** Available data follows **
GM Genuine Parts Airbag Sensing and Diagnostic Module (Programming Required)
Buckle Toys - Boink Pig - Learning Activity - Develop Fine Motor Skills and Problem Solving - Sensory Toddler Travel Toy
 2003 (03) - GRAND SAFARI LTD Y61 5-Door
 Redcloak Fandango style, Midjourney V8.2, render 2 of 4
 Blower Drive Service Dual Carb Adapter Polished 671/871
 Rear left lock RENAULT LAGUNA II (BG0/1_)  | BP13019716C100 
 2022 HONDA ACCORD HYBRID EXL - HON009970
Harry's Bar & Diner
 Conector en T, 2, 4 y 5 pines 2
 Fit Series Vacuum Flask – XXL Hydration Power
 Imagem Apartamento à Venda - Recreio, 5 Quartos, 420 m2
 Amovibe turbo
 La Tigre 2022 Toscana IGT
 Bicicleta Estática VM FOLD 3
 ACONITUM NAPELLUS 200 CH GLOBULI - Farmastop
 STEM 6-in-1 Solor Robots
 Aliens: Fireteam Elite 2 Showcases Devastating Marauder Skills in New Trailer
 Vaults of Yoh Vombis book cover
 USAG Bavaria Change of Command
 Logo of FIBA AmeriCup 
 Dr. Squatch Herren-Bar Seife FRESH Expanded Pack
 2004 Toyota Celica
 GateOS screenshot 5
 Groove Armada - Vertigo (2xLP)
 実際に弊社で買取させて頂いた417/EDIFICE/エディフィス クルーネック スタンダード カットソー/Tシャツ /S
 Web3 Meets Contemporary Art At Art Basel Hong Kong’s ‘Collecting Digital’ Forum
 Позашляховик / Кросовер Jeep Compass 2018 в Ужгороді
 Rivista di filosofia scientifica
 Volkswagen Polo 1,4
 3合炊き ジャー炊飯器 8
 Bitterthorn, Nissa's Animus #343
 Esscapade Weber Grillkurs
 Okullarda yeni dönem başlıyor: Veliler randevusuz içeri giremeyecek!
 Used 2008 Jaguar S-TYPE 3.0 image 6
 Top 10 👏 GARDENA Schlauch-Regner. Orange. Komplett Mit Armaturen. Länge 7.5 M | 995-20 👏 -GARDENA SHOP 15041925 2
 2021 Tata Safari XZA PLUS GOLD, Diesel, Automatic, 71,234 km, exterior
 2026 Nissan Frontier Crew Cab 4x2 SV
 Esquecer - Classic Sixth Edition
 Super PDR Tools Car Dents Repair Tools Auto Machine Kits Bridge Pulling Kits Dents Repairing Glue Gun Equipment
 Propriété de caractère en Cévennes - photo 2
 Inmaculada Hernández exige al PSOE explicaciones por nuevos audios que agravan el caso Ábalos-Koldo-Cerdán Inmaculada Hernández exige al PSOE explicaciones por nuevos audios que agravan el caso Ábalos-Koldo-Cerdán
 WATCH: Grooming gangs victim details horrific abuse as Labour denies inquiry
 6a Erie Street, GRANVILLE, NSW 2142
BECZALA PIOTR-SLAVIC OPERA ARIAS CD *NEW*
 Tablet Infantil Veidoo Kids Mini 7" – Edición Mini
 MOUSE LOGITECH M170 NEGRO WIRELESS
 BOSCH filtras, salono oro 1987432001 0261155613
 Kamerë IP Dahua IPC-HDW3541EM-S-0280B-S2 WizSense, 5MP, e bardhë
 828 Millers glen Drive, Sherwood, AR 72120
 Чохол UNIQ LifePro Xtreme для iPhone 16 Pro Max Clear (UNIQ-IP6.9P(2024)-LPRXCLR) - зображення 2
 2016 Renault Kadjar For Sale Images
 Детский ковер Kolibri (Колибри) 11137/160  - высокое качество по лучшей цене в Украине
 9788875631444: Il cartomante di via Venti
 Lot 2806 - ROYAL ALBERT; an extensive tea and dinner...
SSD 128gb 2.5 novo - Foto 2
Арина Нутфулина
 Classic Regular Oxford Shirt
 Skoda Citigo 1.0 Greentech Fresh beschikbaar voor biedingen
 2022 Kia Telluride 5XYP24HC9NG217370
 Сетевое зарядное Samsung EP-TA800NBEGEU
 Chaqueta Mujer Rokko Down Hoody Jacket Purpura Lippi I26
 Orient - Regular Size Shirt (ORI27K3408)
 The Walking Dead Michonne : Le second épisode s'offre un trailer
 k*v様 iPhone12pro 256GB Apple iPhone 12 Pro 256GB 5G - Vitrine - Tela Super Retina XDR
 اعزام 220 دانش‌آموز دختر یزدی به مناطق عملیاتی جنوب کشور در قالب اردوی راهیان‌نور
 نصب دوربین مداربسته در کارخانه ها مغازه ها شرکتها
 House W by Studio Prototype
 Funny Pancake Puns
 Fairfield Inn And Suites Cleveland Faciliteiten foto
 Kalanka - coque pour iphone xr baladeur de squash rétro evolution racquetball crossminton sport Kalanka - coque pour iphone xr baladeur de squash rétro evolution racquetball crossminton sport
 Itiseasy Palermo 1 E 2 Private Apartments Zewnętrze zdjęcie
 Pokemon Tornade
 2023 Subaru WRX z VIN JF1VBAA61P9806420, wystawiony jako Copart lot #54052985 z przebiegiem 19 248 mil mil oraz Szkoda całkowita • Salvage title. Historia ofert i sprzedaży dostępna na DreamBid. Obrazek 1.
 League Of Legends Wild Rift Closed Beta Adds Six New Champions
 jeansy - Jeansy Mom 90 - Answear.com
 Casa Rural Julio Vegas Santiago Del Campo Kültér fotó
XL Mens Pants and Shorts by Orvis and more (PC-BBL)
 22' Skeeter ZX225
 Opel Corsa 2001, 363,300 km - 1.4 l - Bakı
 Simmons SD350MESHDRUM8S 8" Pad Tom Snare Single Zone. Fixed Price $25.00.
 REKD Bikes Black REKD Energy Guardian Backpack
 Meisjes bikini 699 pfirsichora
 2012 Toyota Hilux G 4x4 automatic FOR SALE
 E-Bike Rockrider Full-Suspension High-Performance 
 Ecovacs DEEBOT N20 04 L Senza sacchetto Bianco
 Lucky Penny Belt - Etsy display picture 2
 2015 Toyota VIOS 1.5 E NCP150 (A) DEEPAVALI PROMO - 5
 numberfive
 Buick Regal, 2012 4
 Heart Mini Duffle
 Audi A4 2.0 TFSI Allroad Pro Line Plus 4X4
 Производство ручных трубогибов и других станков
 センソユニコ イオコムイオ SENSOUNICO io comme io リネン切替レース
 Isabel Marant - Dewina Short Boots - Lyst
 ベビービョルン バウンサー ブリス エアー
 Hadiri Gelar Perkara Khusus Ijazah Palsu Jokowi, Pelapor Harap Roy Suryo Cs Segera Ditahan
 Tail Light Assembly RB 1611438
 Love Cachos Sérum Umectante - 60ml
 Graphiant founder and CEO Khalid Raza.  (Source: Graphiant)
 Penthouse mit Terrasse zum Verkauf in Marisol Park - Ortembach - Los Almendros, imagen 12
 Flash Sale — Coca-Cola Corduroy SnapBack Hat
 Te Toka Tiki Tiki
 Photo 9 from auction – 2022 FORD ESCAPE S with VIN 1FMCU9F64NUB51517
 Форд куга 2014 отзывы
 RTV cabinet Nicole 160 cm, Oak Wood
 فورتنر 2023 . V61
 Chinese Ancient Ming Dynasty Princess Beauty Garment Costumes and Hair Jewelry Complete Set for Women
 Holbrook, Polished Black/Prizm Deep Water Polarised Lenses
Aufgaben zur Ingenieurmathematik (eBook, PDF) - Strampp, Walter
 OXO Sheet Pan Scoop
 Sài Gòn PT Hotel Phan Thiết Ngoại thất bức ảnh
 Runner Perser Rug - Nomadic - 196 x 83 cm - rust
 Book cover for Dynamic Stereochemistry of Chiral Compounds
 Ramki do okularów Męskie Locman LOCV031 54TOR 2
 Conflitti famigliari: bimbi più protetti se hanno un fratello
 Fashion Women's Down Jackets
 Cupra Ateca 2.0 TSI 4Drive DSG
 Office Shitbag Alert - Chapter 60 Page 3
** End of Available data **
Activity — Give back, exactly as written, the stretch from the line with "Bitterthorn, Nissa's Animus #343" through the line with "Esquecer - Classic Sixth Edition", and no other lines from the records above.

Solution for this problem —
 Bitterthorn, Nissa's Animus #343
 Esscapade Weber Grillkurs
 Okullarda yeni dönem başlıyor: Veliler randevusuz içeri giremeyecek!
 Used 2008 Jaguar S-TYPE 3.0 image 6
 Top 10 👏 GARDENA Schlauch-Regner. Orange. Komplett Mit Armaturen. Länge 7.5 M | 995-20 👏 -GARDENA SHOP 15041925 2
 2021 Tata Safari XZA PLUS GOLD, Diesel, Automatic, 71,234 km, exterior
 2026 Nissan Frontier Crew Cab 4x2 SV
 Esquecer - Classic Sixth Edition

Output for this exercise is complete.